I was interested to hear recently a little tale about German mathematician, astronomer, and physicist Johann Carl Friedrich Gauss (1777 - 1855).

When he was at junior school the teacher (obviously requiring an hour or two's respite) asked the class to sit and add up all the numbers from 1 to 100. 1 +2 +3 + 4 etc.

He was mortified to glance up and see young Gauss with his hand aloft 25 seconds later to declare that he'd finished and the answer was 5,050.

Gauss's mathematical brain had spotted a pattern in the task that meant the answer could be determined by a single multiplication rather than 100 additions.

I'd be interested to know if anyone can spot the short-cut without referring to Mr Google. The answer will be shown in the first comment so it's not a competition.

So just settle down with your excercise books and keep quiet at the back there.....

## 9 comments:

OK class, here's the answer.

Imagine all the numbers from 1 to 100 and keep taking the first and last together as pairs and add them. You'll end up with:

100+1, 99+2, 98+3 etc down to 51+50.

This gives you 50 pairs, all with the same total of 101.

50x101 = 5050.

Simples!

Very clever. I wouldn't have got that in a million years. My brain just doesn't work that way :(

PS. HAHAHA - just noticed my "anti-spam word" is... brain. Something we've established, I don't have!

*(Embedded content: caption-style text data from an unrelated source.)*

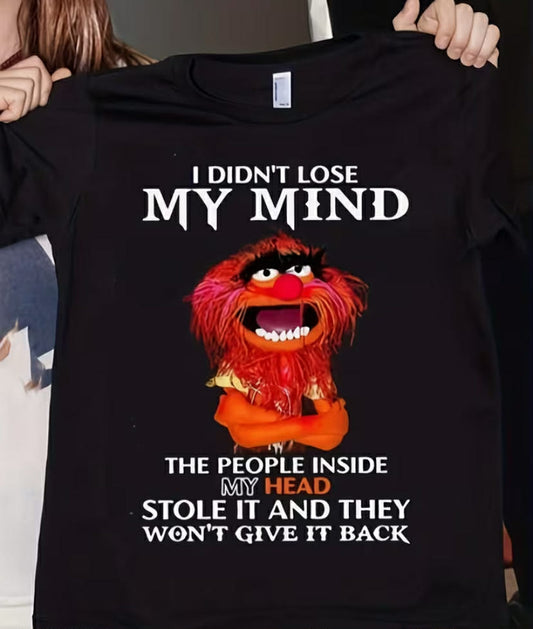 Men'S Funny Muppets Ernie I Didn't Lose My Mind Graphic T-Shirt Black with Red Ernie & Muppets Characters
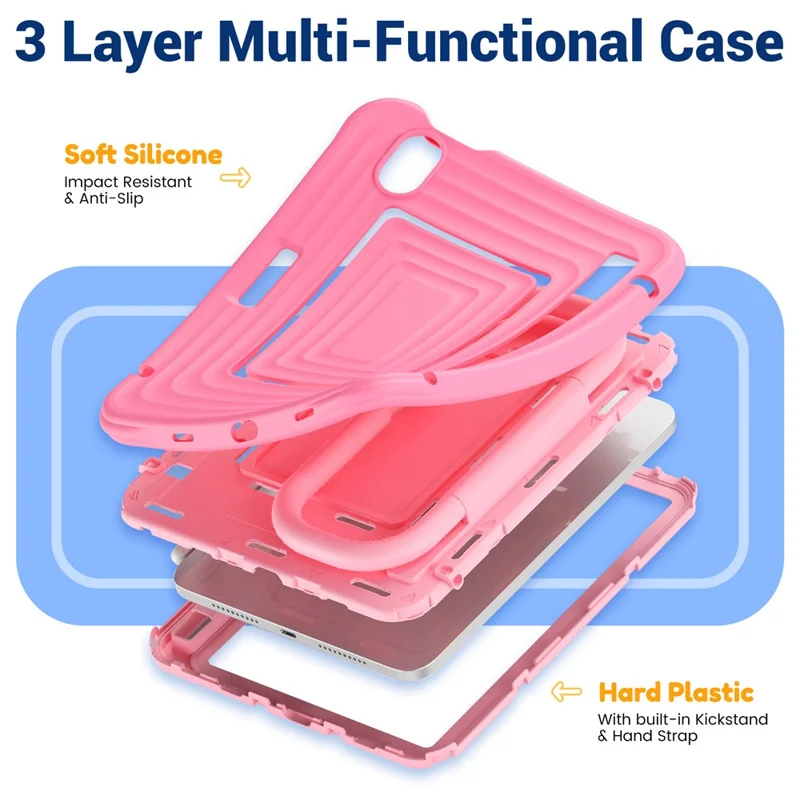 Tablet Case for iPad mini (2024)  /  (2021) Wavy Texture Silicone PC Cover with Kickstand   /   Shoulder Strap - Pink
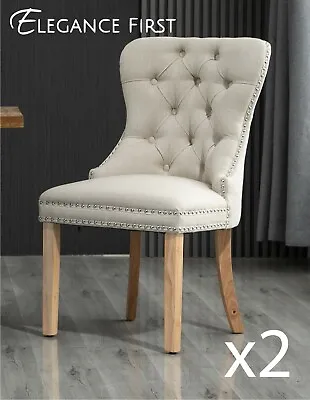 $496 • Buy 2 X  Beige French Provincial Fabric Dining Chairs Upholstered Tufted Back Studs 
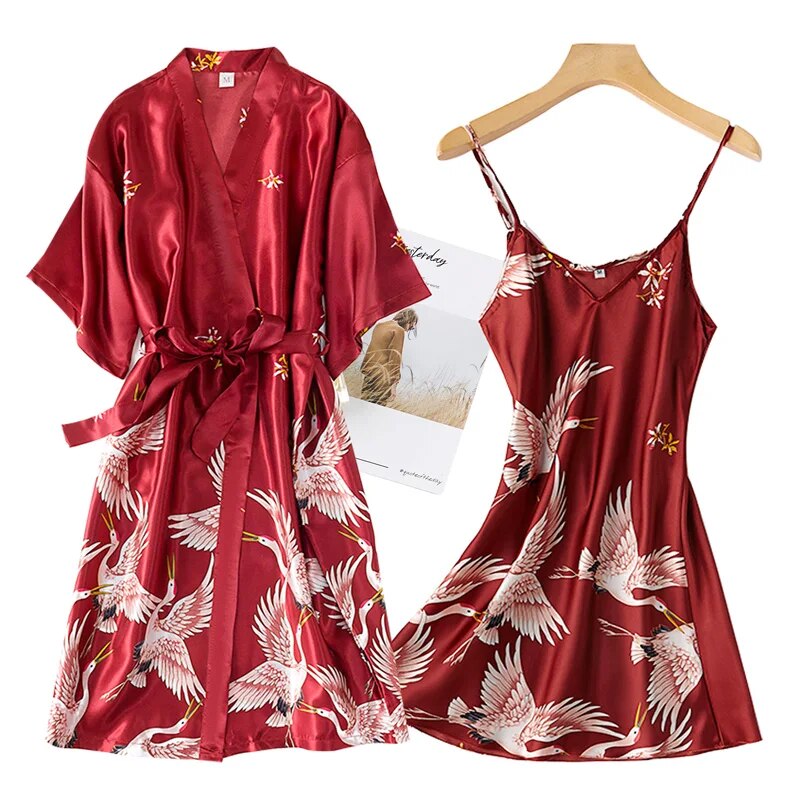 Women's sexy pajamas set, V-neck pajamas, silk pajamas, soaking dress, ladies pajamas, home service, spring, 2-piece set_voghion.com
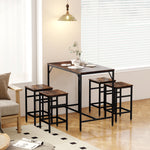 Ensemble table de bar industriel + 4 tabourets repose-pieds en bois couleur chêne cadre en métal noir
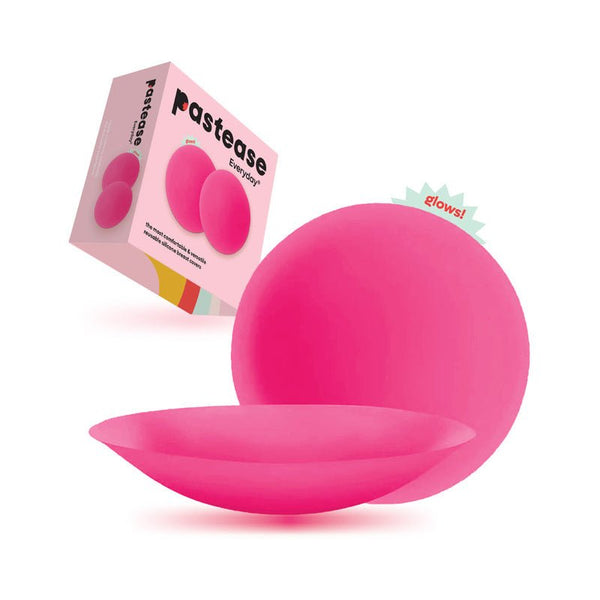 Pastease Halos Reusable Sticky Adhesive Silicone Nipple Cover Neon Pink Glow - in - the - Dark Small A - C Cup - Royal Sins
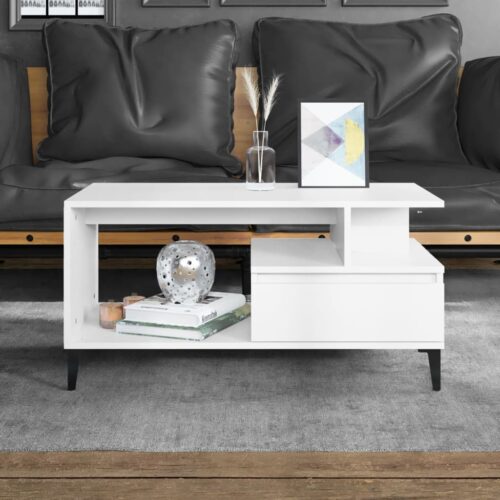 Coffee Table White 90x49x45cm Engineered Wood - Image 10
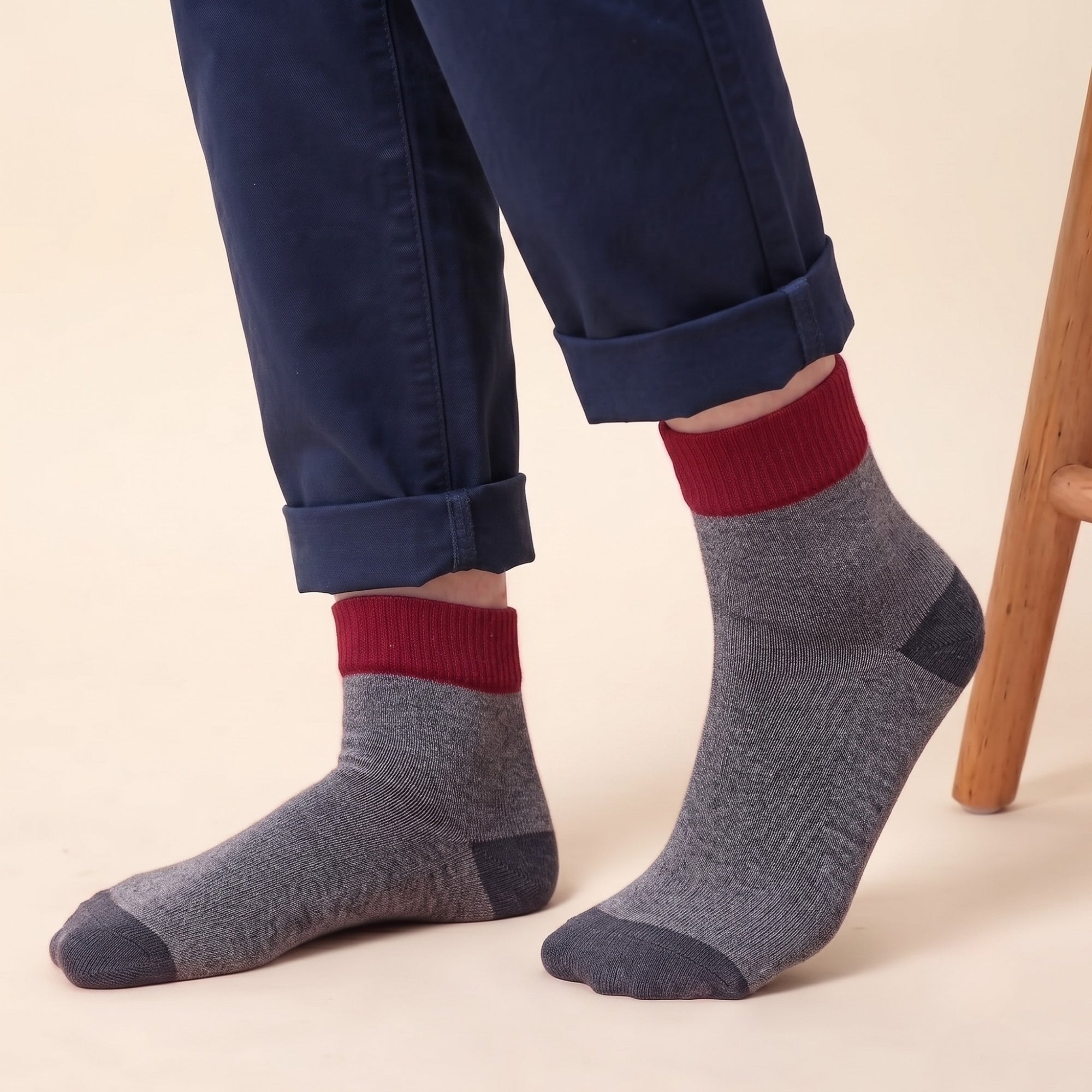 City Life – men's quarter socks in mid grey, blue and charcoal, Lord Walker, view 6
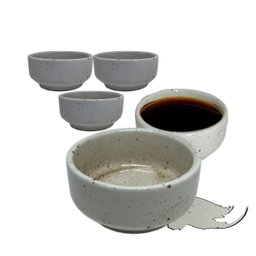 Kit 8 Porta Shoyu Molheira Nozoki Porcelana Creme Pinta 60ml Prattos - 2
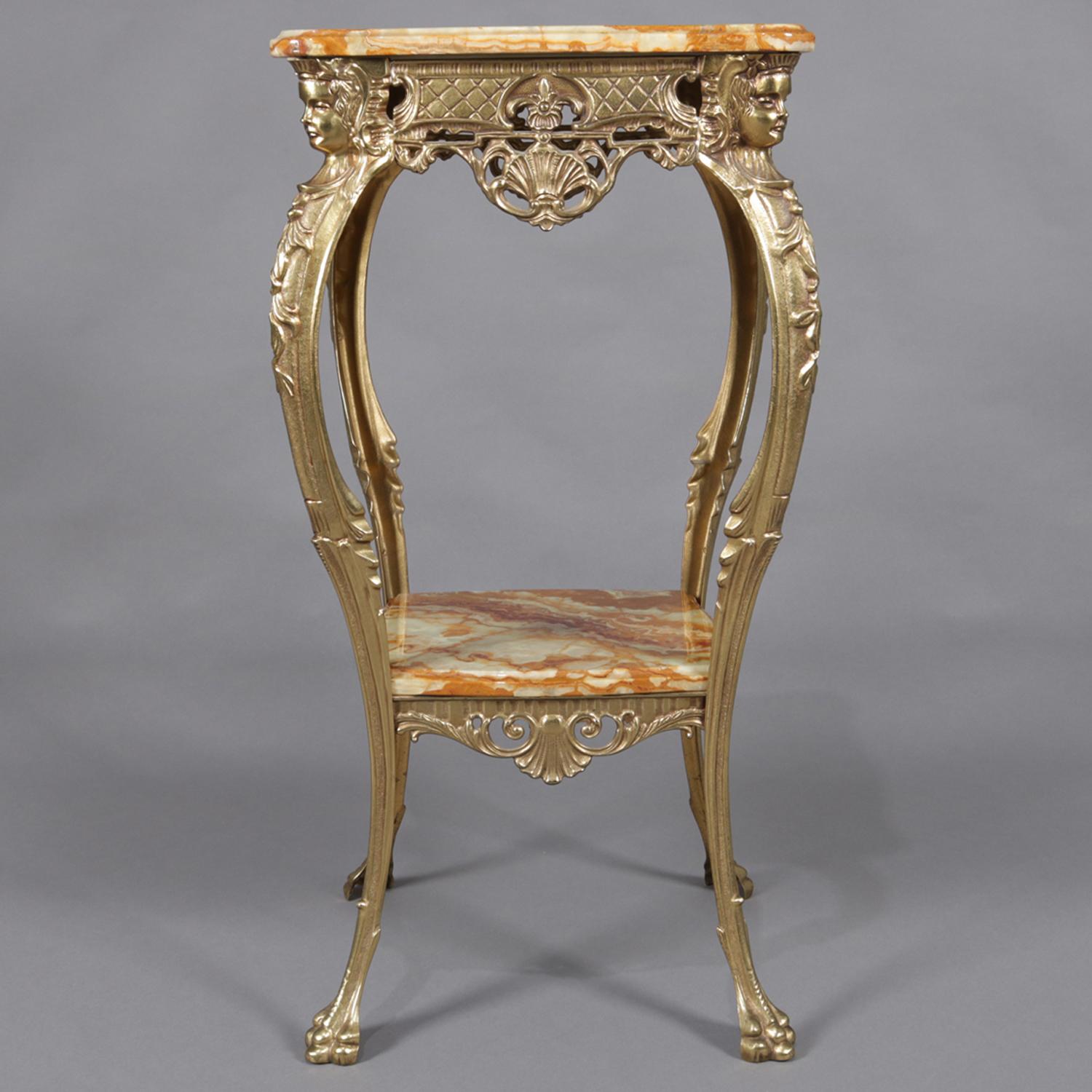 Antique French Egyptian Revival Figural Gilt Bronze and Marble Plant Stand 2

Well, dang! I was going to put the solution on line for a modest sum but you've cunningly forestalled me. I may have to consider suing for loss of earnings.

I thought it was 505 x 10.

Well beyond my capabilities, I shall put it to the two eldest offspring, they are A Level maths bods!

So efficient these Germans...

Dagnabbit! I didn't even understand the answer!!

Nutty: I thought your word was "Brian".

Christopher: Google must be a nightmare for teachers these days!

Dave: Lateral thinking as always.

Jon: I was doing some "bytesize" GCSE Maths on my iPhone this morning before I got up. I must get out more...

Macy: I believe it was a German Spice Biologist who made the trains run on Thyme.

Lesley: Like all creative arists you have a good excuse!

They must have taught us well in Kent because I can remember this from O level maths, and I only got a C. Apparently nowadays if you can actually manage to spell your name correctly and remember your house number by the time you're 15, you don't need to turn up for the exam.